### Task goal
Produce word for word the lines of the data below running from the one that has "Personalisierte niedliche Katze" to the one that has "Apple Watch S8", inclusive, and no others.

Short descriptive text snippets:
╭──
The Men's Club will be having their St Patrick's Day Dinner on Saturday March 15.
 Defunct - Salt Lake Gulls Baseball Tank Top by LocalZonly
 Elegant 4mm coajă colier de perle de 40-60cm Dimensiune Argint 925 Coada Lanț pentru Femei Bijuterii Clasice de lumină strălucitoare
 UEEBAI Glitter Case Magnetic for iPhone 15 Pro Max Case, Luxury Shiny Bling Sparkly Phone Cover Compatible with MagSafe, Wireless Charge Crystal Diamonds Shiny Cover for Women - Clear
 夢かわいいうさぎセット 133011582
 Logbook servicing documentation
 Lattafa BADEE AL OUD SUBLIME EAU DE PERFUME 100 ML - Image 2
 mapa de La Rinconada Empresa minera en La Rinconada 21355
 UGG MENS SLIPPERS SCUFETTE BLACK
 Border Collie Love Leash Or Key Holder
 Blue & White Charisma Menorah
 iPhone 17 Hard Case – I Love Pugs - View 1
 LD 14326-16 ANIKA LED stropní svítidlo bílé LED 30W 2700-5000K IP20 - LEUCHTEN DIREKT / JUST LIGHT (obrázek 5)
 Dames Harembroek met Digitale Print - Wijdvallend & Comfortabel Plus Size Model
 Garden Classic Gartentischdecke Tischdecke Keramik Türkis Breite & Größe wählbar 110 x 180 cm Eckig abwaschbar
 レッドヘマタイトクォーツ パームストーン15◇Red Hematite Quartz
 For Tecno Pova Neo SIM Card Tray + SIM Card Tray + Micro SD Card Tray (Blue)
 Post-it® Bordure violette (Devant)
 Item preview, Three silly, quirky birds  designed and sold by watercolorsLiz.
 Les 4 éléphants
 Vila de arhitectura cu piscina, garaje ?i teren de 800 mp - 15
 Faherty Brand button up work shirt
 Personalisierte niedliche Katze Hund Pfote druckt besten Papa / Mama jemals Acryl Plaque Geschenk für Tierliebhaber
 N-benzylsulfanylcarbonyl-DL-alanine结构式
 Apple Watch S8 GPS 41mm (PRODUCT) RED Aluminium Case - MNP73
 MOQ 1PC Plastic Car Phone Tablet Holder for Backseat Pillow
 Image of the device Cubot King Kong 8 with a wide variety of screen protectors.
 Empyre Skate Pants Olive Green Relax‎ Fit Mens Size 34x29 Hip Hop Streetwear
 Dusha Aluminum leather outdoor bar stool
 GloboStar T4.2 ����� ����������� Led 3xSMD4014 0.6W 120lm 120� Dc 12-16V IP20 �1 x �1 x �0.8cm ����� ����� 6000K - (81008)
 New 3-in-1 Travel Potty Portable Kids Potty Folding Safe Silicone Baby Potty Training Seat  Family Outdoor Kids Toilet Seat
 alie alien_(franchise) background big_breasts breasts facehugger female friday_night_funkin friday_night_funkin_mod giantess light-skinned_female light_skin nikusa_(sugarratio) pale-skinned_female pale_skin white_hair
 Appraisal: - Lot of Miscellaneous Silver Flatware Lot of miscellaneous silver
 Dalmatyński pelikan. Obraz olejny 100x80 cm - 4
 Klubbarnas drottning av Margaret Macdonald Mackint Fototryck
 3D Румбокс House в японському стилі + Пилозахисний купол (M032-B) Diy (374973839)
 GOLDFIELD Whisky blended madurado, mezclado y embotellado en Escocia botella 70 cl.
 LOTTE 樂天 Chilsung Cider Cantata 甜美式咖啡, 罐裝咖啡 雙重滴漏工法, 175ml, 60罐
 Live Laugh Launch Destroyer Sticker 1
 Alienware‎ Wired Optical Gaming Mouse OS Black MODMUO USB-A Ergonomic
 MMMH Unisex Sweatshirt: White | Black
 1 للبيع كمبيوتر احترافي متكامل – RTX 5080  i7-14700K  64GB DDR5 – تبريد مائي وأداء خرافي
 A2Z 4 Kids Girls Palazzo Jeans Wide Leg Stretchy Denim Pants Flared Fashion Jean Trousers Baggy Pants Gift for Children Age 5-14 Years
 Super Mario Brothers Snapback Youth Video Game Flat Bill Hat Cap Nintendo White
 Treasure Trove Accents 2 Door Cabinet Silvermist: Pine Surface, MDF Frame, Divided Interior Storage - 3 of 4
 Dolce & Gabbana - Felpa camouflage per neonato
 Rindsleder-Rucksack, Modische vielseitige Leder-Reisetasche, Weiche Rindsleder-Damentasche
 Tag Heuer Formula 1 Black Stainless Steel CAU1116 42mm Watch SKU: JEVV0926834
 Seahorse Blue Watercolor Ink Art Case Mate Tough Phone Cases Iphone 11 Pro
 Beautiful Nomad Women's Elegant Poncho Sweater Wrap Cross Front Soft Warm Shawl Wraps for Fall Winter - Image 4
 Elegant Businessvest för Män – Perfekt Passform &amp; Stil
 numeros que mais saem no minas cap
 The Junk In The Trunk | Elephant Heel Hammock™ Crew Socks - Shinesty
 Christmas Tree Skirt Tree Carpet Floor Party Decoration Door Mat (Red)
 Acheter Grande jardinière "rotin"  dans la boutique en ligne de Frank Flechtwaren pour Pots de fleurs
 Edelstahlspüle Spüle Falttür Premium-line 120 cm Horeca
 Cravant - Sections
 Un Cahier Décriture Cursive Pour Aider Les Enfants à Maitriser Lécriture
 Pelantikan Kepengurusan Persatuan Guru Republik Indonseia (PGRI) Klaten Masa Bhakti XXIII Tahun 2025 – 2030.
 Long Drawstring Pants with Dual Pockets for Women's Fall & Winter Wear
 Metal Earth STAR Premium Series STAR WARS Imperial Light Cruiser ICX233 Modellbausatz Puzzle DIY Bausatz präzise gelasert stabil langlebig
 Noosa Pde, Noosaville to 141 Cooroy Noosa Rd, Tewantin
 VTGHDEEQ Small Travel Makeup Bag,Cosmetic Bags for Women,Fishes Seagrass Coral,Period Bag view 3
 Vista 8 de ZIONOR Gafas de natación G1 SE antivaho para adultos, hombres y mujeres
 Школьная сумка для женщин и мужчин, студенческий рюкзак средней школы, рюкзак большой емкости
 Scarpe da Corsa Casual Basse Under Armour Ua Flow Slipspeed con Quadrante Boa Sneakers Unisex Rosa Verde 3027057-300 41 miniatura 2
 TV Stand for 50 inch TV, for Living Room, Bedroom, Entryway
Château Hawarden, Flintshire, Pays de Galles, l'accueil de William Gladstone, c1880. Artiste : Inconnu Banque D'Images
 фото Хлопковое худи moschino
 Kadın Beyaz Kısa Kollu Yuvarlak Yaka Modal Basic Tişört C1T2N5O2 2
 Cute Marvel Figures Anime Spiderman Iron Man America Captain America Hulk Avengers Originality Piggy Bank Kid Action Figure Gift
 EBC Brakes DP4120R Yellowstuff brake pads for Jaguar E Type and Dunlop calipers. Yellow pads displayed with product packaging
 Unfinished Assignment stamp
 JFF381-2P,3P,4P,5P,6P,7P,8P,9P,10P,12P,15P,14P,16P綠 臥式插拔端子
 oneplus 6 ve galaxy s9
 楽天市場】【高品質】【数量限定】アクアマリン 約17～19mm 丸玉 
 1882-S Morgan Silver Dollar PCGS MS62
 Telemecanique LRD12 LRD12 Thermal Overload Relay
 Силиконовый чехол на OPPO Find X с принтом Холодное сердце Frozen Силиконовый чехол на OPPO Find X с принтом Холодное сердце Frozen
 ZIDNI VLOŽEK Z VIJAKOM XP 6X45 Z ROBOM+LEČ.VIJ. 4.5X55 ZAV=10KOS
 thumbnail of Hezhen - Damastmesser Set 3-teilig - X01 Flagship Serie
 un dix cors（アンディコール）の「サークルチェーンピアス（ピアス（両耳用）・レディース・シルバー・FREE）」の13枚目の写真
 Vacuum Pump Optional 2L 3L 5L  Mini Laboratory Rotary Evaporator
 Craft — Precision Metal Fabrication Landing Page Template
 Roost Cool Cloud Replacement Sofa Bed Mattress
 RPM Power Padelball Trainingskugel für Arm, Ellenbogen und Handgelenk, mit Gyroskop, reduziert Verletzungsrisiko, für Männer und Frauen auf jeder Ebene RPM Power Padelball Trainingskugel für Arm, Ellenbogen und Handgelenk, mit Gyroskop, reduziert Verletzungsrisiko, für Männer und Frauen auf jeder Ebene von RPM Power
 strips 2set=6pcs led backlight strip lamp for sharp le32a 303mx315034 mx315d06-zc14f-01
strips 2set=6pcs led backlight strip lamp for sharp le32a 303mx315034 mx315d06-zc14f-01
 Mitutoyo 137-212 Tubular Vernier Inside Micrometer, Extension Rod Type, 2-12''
╰──
### Your response
 Personalisierte niedliche Katze Hund Pfote druckt besten Papa / Mama jemals Acryl Plaque Geschenk für Tierliebhaber
 N-benzylsulfanylcarbonyl-DL-alanine结构式
 Apple Watch S8 GPS 41mm (PRODUCT) RED Aluminium Case - MNP73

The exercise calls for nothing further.